WORK REQUIRED
Quote word for word the lines starting at the line with "Pestañas Edward MacDowell" and ending at the final line of the entries. Leave out any pictures.

*** Opening of THE RECORDS ***

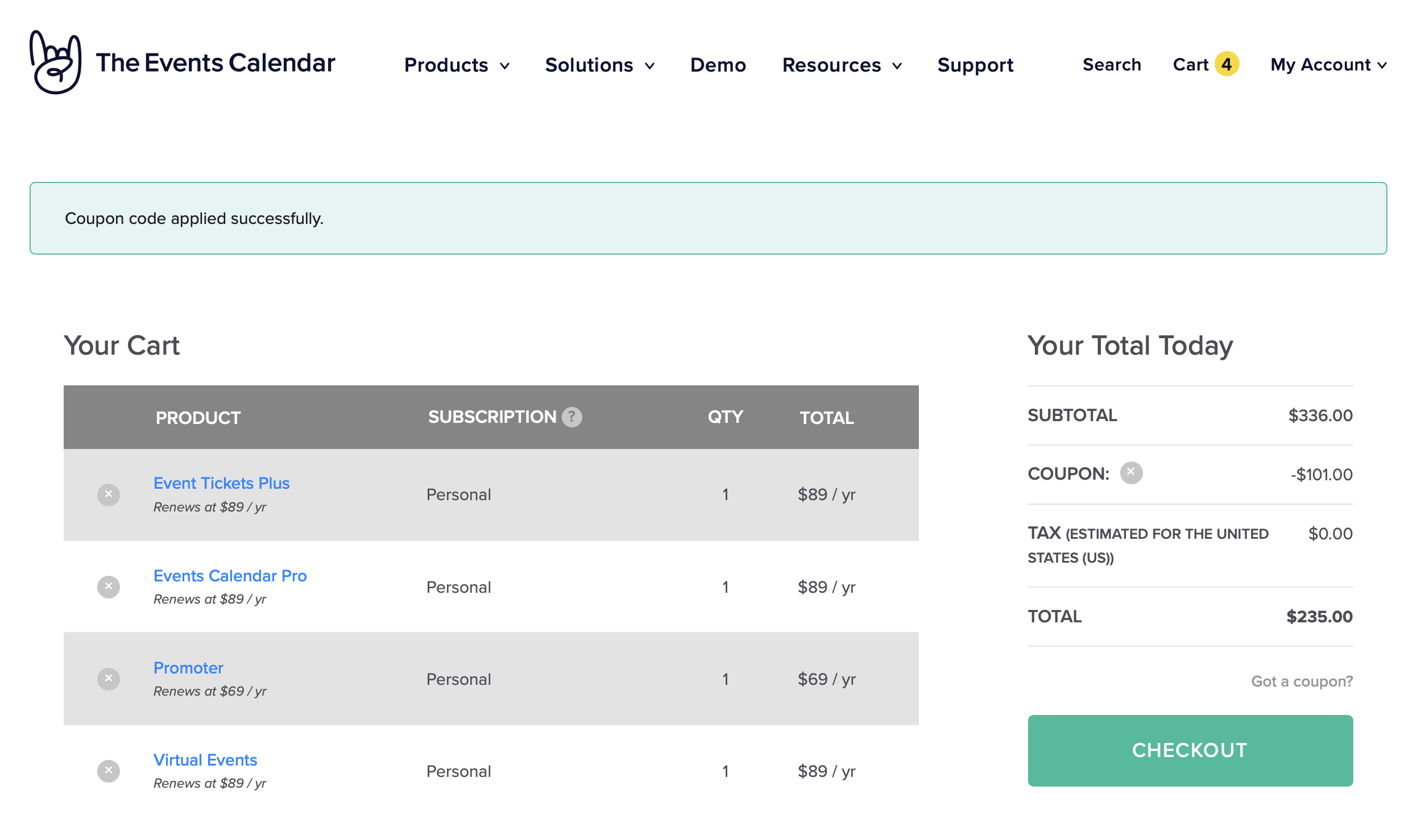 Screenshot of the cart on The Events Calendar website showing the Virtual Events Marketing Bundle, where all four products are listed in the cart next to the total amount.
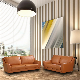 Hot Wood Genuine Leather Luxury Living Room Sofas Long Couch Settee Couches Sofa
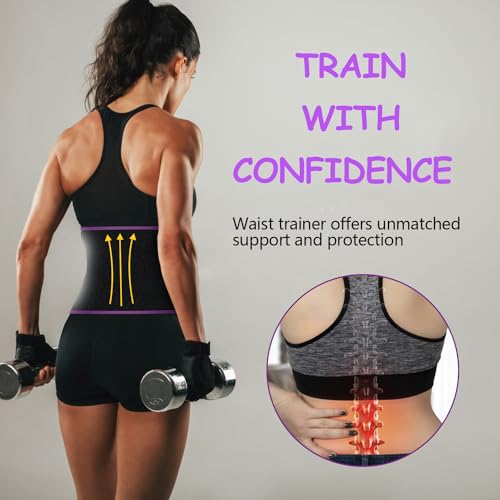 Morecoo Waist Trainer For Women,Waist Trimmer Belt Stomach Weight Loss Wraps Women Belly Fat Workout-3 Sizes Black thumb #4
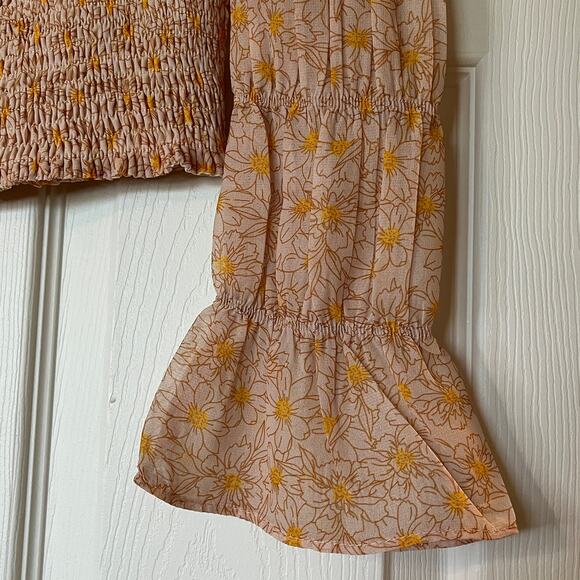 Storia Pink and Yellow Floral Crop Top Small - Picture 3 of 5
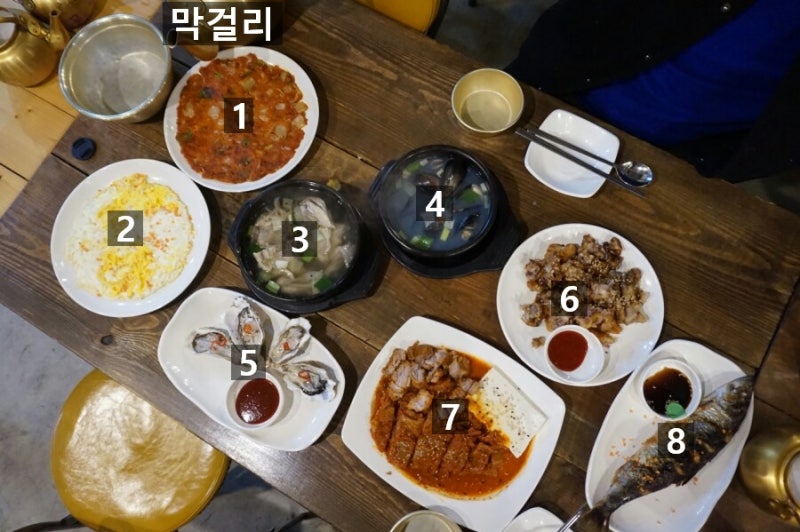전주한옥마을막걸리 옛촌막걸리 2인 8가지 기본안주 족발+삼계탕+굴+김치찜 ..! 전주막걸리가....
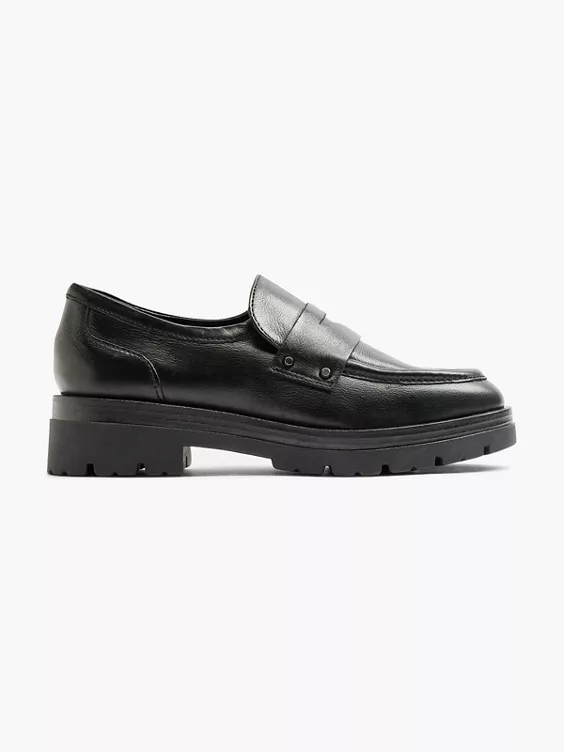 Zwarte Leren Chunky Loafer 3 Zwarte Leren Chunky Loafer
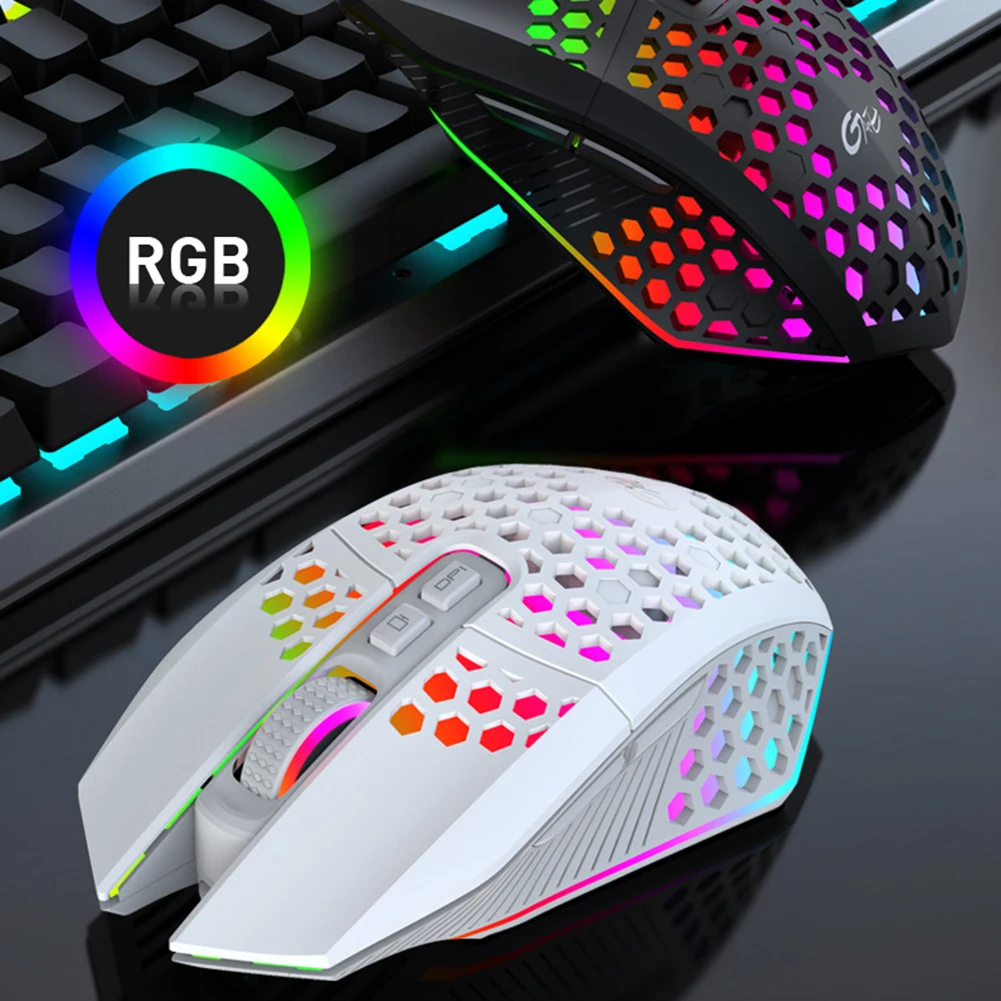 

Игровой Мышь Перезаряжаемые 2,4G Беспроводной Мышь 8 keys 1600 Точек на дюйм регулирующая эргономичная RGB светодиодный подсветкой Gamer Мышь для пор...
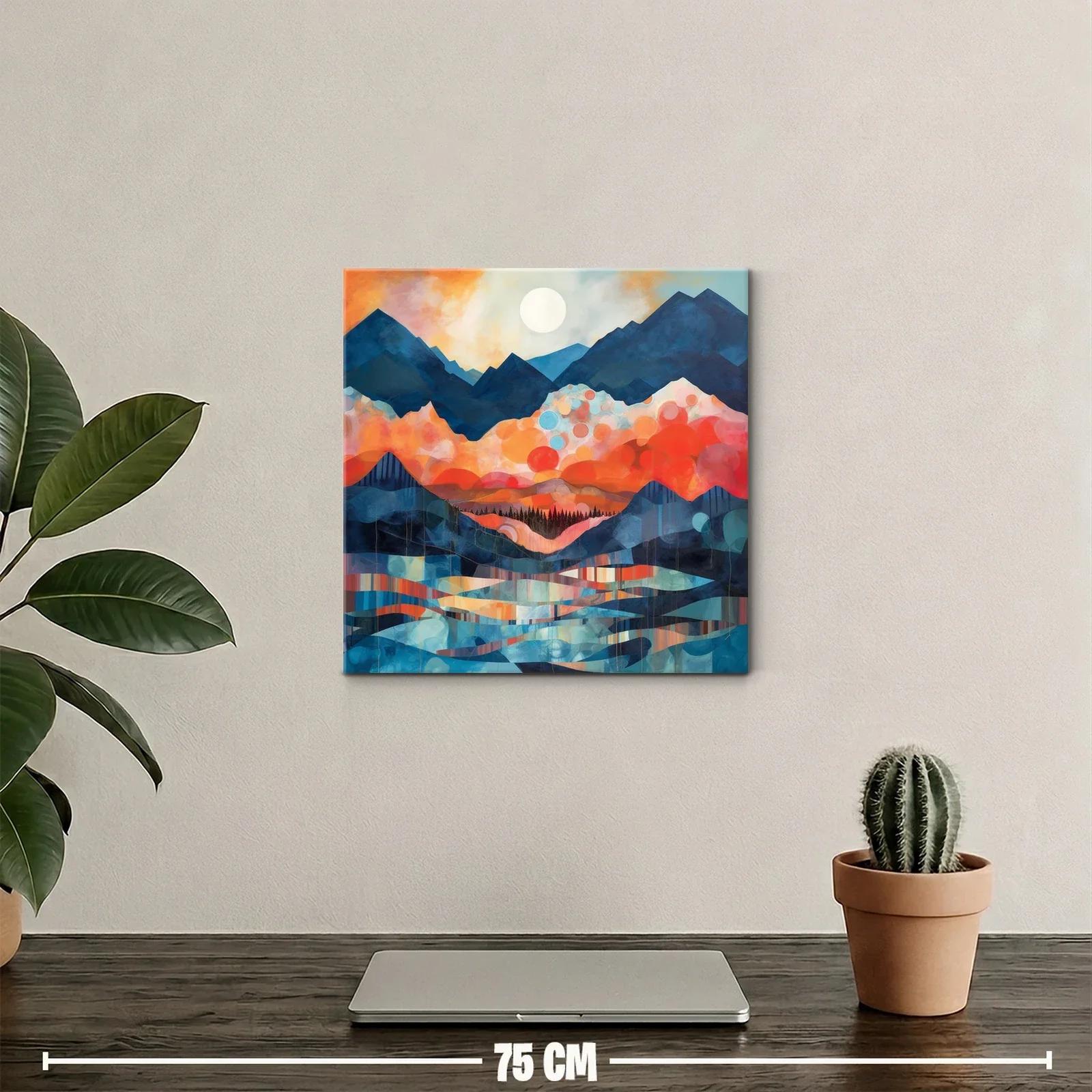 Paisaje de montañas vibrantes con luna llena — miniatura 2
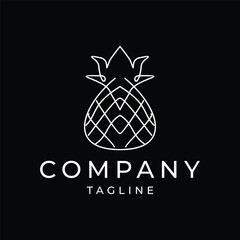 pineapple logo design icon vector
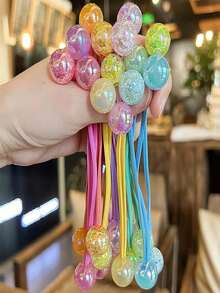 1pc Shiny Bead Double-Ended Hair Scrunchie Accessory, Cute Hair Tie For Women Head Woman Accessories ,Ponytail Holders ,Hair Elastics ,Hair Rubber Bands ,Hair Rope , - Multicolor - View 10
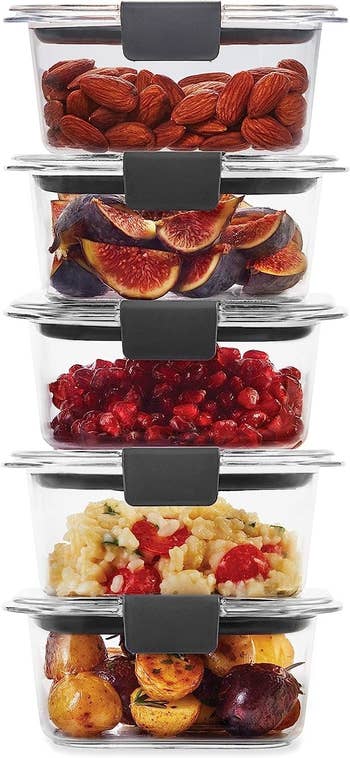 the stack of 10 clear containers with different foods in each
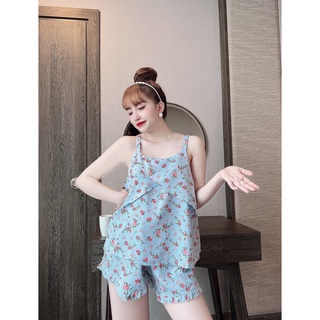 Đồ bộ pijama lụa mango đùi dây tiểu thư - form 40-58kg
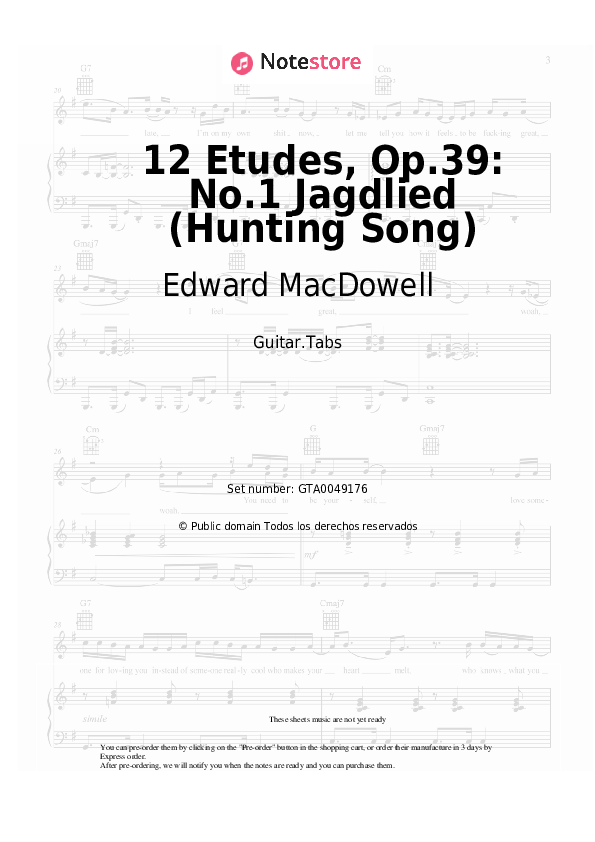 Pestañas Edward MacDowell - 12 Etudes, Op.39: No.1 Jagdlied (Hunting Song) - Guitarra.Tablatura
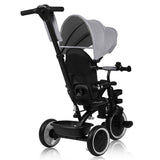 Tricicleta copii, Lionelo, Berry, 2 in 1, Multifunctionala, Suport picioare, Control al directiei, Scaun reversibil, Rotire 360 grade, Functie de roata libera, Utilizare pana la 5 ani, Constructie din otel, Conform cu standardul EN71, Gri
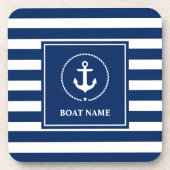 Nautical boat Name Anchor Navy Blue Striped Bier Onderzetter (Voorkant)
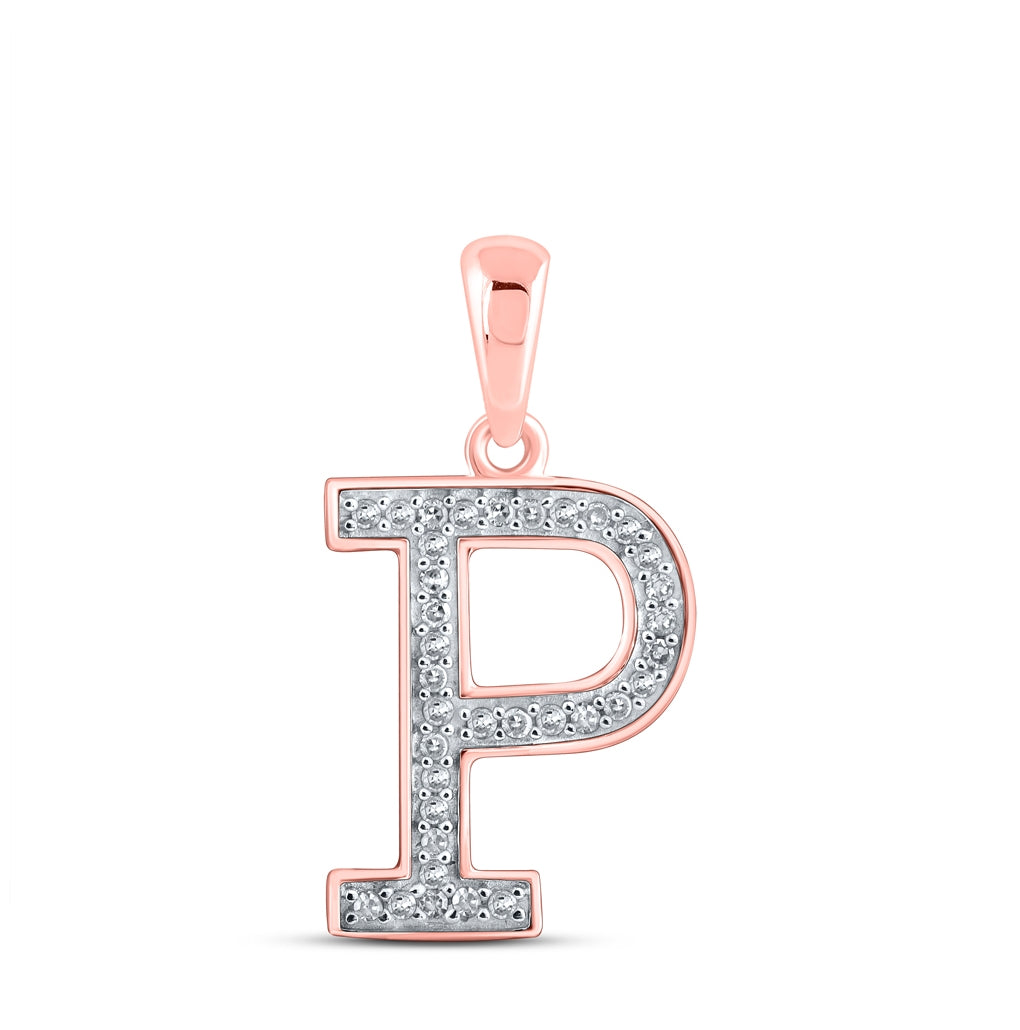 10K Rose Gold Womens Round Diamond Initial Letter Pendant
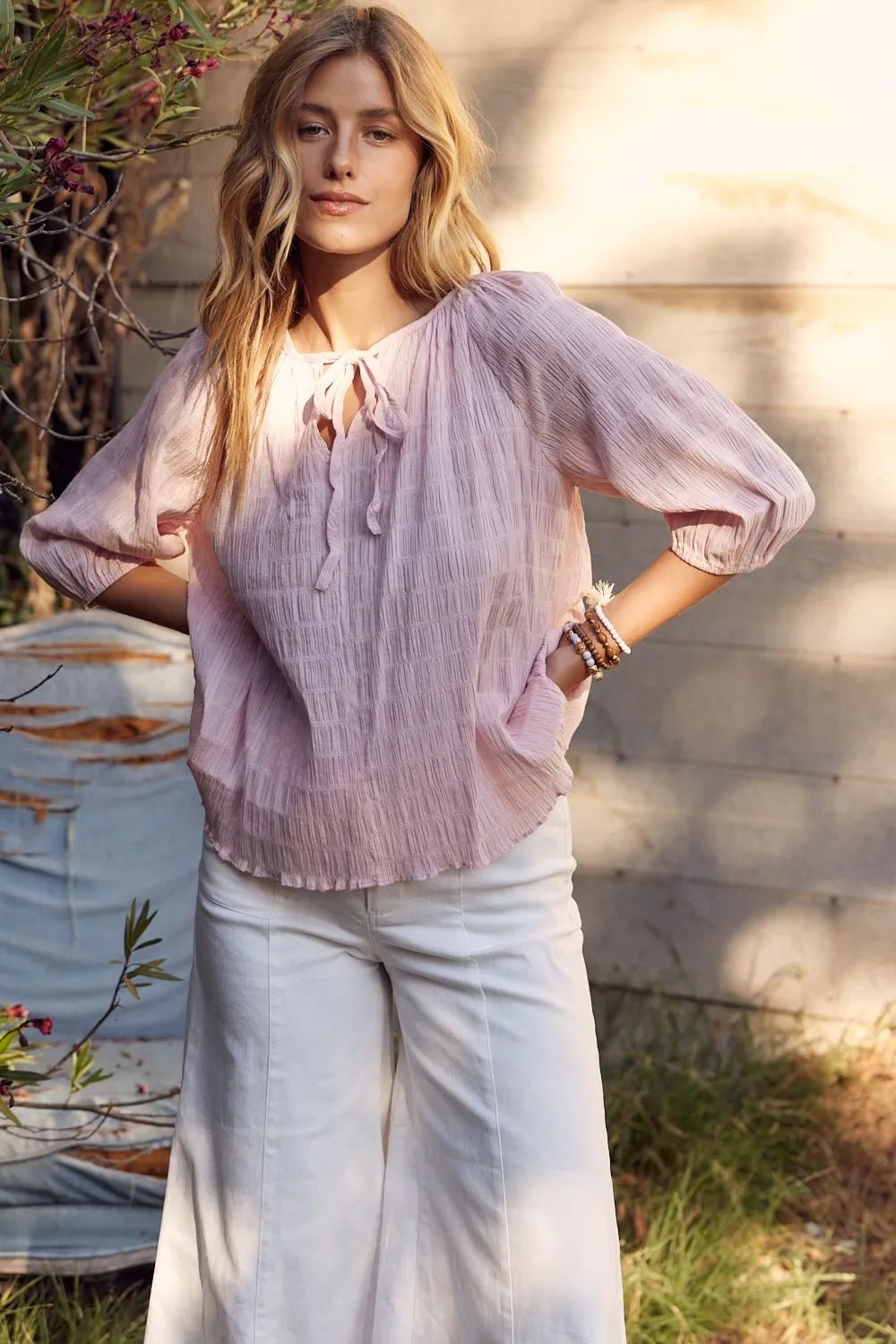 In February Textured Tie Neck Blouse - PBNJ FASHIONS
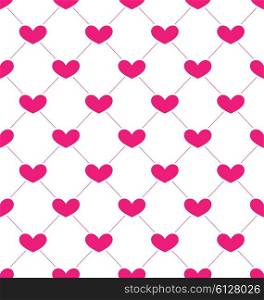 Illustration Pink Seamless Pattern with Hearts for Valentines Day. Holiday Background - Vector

*** Close of THE RECORDS ***

ANSWER SPACE
 Pestañas Edward MacDowell - 12 Etudes, Op.39: No.1 Jagdlied (Hunting Song) - Guitarra.Tablatura
 Tricicleta copii, Lionelo, Berry, 2 in 1, Multifunctionala, Suport picioare, Control al directiei, Scaun reversibil, Rotire 360 grade, Functie de roata libera, Utilizare pana la 5 ani, Constructie din otel, Conform cu standardul EN71, Gri
 Nautical boat Name Anchor Navy Blue Striped Bier Onderzetter (Voorkant)
 10K Rose Gold Womens Round Diamond Initial Letter Pendant
 In February Textured Tie Neck Blouse - PBNJ FASHIONS
 Illustration Pink Seamless Pattern with Hearts for Valentines Day. Holiday Background - Vector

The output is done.